Perhaps it’s the association with The Goodies and with Dennis Nilsen, serial killer, but people are reluctant to admit that they live in Cricklewood. ‘Well, it’s sort of on the Hampstead border,’ they mutter sheepishly, when quizzed on their new home. But they’ll be hollering it from the top of Brent Cross shopping centre before long if Cricklewood Redevelopment Ltd has anything to do with it.

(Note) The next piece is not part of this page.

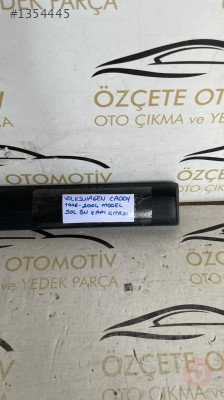 VOLKSWAGEN CADDY 1996-2004 MODEL SOL ÖN KAPI ÇITASI ORİJİNAL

‘It was a place a man came in order to go to other places via the A41’ is how Zadie Smith describes the area in her novel White Teeth. But though roads dominate this unglamorous suburb — the A406 North Circular, the A5, the A41 and the mighty M1 — Cricklewood was a traffic-free backwater for centuries. Early settlers were put off by its cloak of dense forest, and by the mid-1800s it was still only ‘a village one mile in length’. The arrival of the railways in the 1860s shook things up, and terraces of redbrick cottages for railway workers sprung up over the next two decades. The early 20th century saw an influx of industry (Smith’s Potato Crisps, Phoenix Telephone Co. and Handley Page aircraft manufacturers) which went into decline in the 1960s.
Housing has popped up in a haphazard way over the years wherever developers have found a gap among the roads and the industry. But now a masterplan is afoot in the shape of the ‘Cricklewood, Brent Cross and West Hendon development area’, a colossal £2.5 billion redevelopment scheme that promises to transform the area. It will bring up to 10,000 homes, a market square, a new bridge over the North Circular and a riverside walkway. Disused railway and industrial land will be reclaimed to create ‘a new gateway for London and a vibrant urban area for Barnet’.